= Instructions for the task =
When you copy the data, keep every word exactly as it is and leave the pictures out.

= Dataset excerpts =
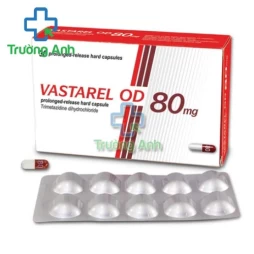 SAVI VALSARTAN PLUS HCT 80/12 - Thuốc điều trị tăng huyết áp 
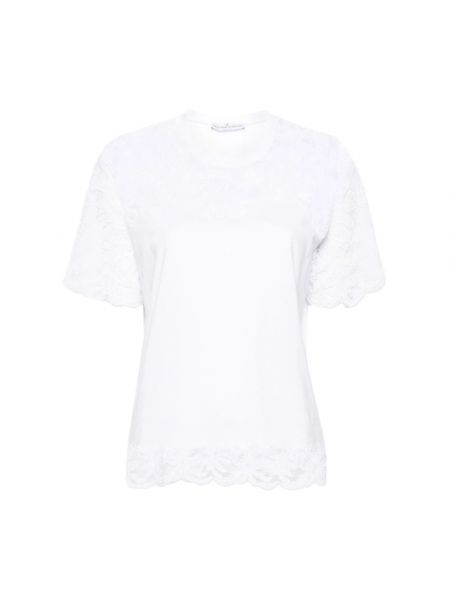 Koszulka Ermanno Scervino biała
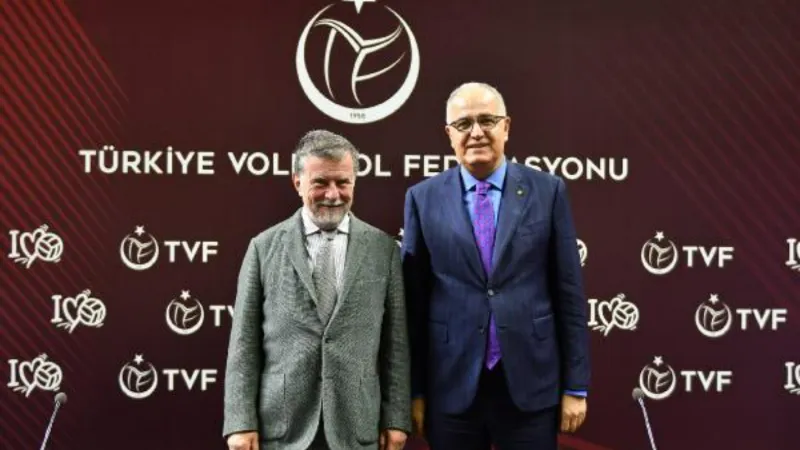 FIVB Kadınlar Kulüpler Dünya Şampiyonası'nın basın toplantısı yapıldı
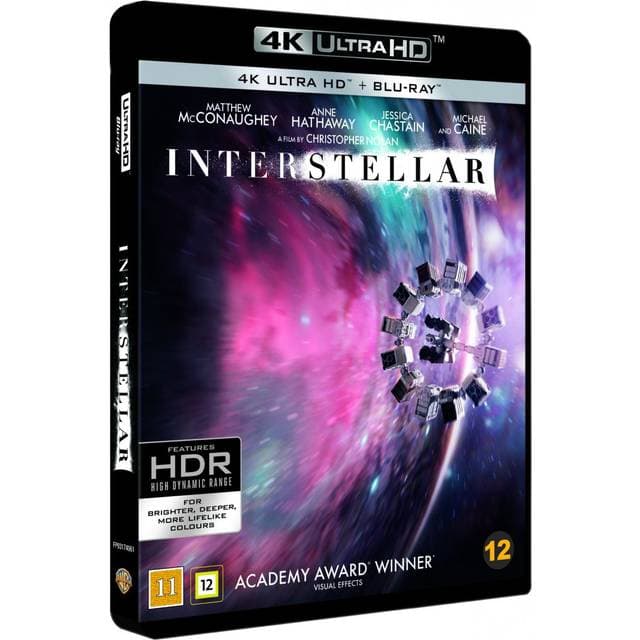 Interstellar - 4K Ultra HD
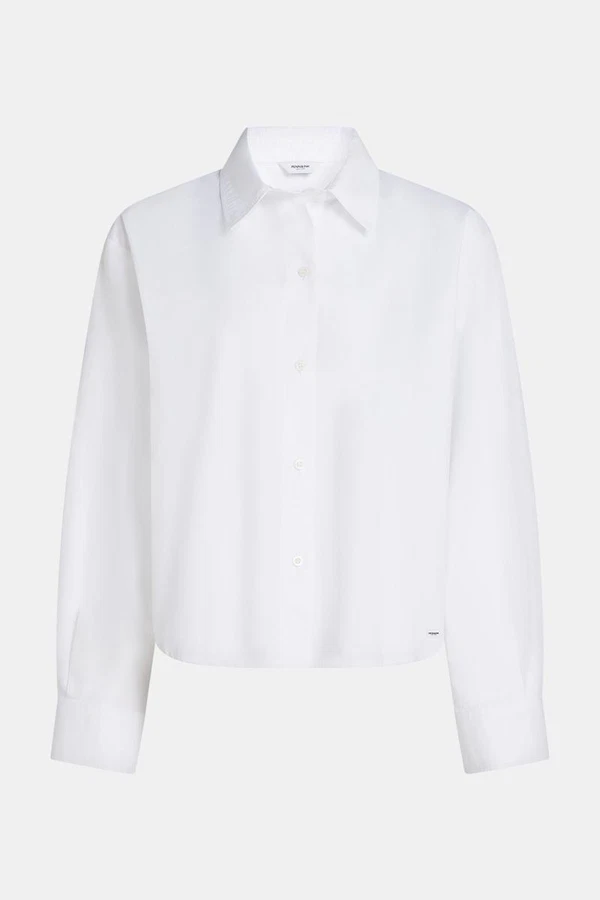Penn & Ink Blouse W26Z913 Wit 1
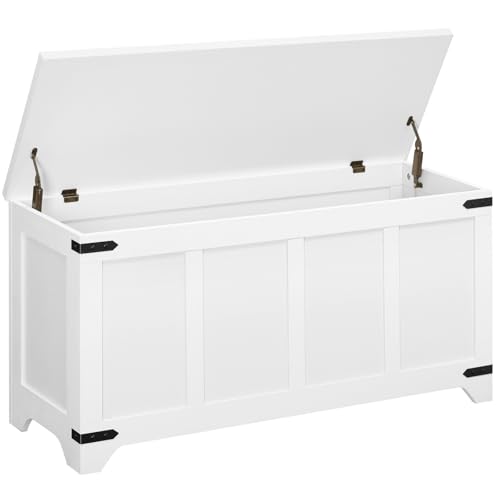 Extra Large Toy Chest Wooden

= Solution to this task =
 SAVI VALSARTAN PLUS HCT 80/12 - Thuốc điều trị tăng huyết áp 
 Koszulka Ermanno Scervino biała
 FIVB Kadınlar Kulüpler Dünya Şampiyonası'nın basın toplantısı yapıldı
 Interstellar - 4K Ultra HD
Penn & Ink Blouse W26Z913 Wit 1
 Extra Large Toy Chest Wooden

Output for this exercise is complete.